Original: null ← [1] → [2] → [3] → null
                 prev  curr

Step 1:   null ← [1]   [2] → [3] → null
                 prev  curr

Step 2:   null ← [1] ← [2]   [3] → null
                       prev  curr

Step 3:   null ← [1] ← [2] ← [3]   null
                             prev  curr

Done!
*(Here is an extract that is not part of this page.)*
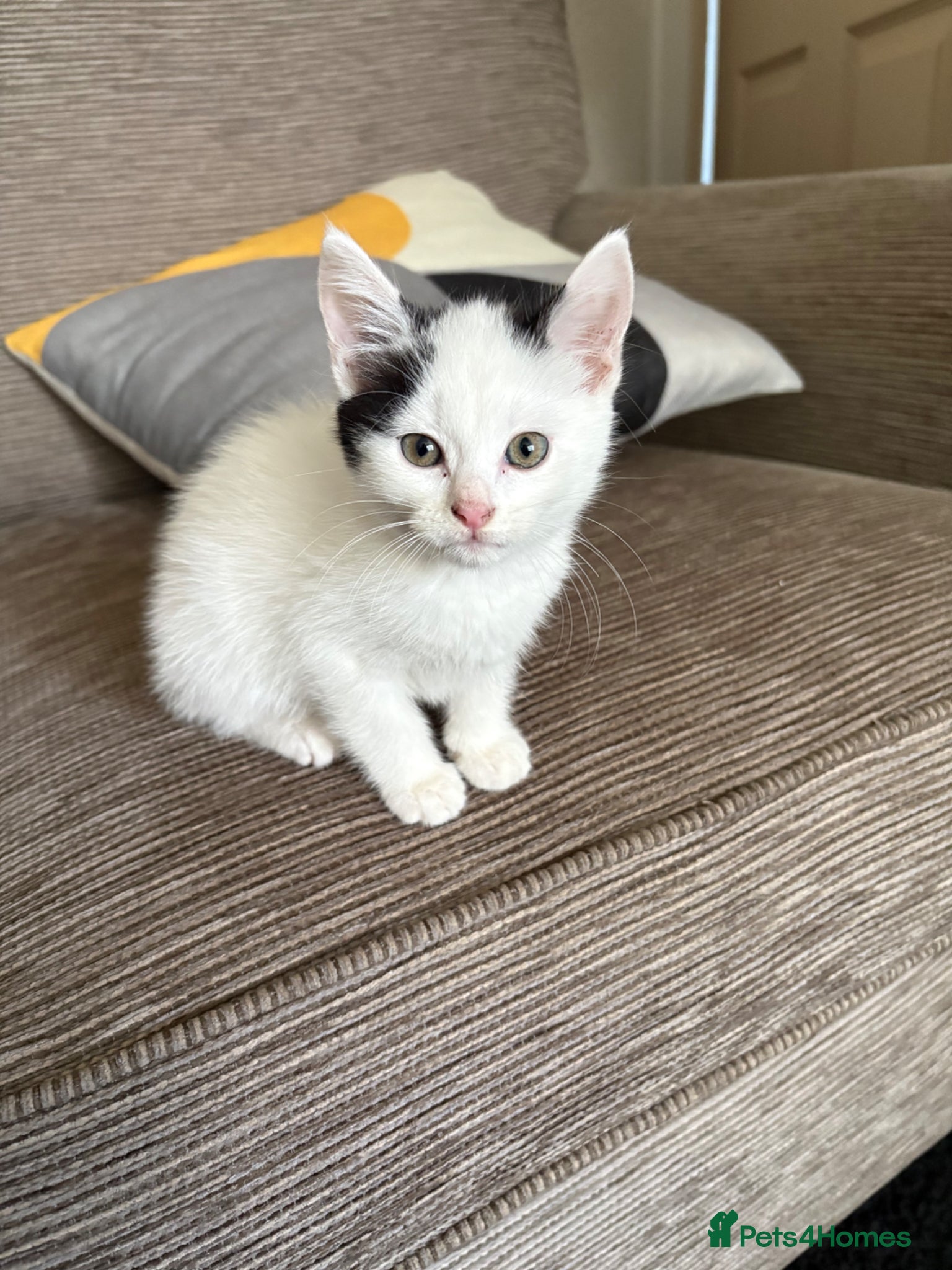 Mixed Breed cats Adorable Sisters - Advert 5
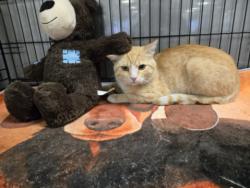 Shelter Stray Male Cat last seen , 14409 Vanowen St, Van Nuys, CA 91405, USA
Return prev = [3]

🎭 Reverse Linked List II

The Twist

Reverse only part of the list!

Example:

Input:  1 → 2 → 3 → 4 → 5
Reverse from position 2 to 4
Output: 1 → 4 → 3 → 2 → 5

The Strategy

1. Walk to position before the start
2. Reverse the middle section
3. Reconnect the ends

Node reverseBetween(Node head,
                    int left, int right) {
    Node dummy = new Node(0);
    dummy.next = head;
    Node prev = dummy;

    // Step 1: Walk to left-1
    for (int i = 1; i < left; i++) {
        prev = prev.next;
    }

    // Step 2: Reverse [left, right]
    Node curr = prev.next;
    for (int i = 0; i < right - left; i++) {
        Node next = curr.next;
        curr.next = next.next;
        next.next = prev.next;
        prev.next = next;
    }

    return dummy.next;
}

graph TD
    A["Before: 1→2→3→4→5"] --> B["Find start position"]
    B --> C["Reverse 2→3→4"]
    C --> D["After: 1→4→3→2→5"]

🎪 Reverse Nodes in k-Group

The Grand Challenge

Reverse nodes in groups of k!

Example (k=3):

Input:  1 → 2 → 3 → 4 → 5 → 6 → 7
Output: 3 → 2 → 1 → 6 → 5 → 4 → 7
        \_______/   \_______/   ↑
        Group 1     Group 2    Leftover

The Algorithm

1. Count k nodes (do we have enough?)
2. Reverse those k nodes
3. Recursively handle the rest
4. Connect everything

Node reverseKGroup(Node head, int k) {
    // Count k nodes
    Node curr = head;
    int count = 0;
    while (curr != null && count < k) {
        curr = curr.next;
        count++;
    }

    // Not enough? Keep as is
    if (count < k) return head;

    // Reverse k nodes
    Node prev = null;
    curr = head;
    for (int i = 0; i < k; i++) {
        Node next = curr.next;
        curr.next = prev;
        prev = curr;
        curr = next;
    }

    // head is now tail of reversed
    // Connect to rest (recursively)
    head.next = reverseKGroup(curr, k);

    return prev; // New head
}

Visual Journey

k=2: [1]→[2]→[3]→[4]→[5]

Round 1: Reverse [1,2]
         [2]→[1] [3]→[4]→[5]

Round 2: Reverse [3,4]
         [2]→[1]→[4]→[3] [5]

Round 3: Only [5] left (< k)
         [2]→[1]→[4]→[3]→[5]

🎓 Summary: Your Linked List Toolkit

💡 Golden Rules

1. When stuck: Draw it out! Boxes and arrows.
2. Edge cases: Empty list? One node? Use dummy!
3. Slow + Fast: Solves cycles AND middle problems
4. Reversal: Always track prev, curr, next
5. Partial reversal: Find the boundaries first

You’ve got this! 🚀

Linked lists are like LEGO chains—once you understand how pieces connect, you can build anything!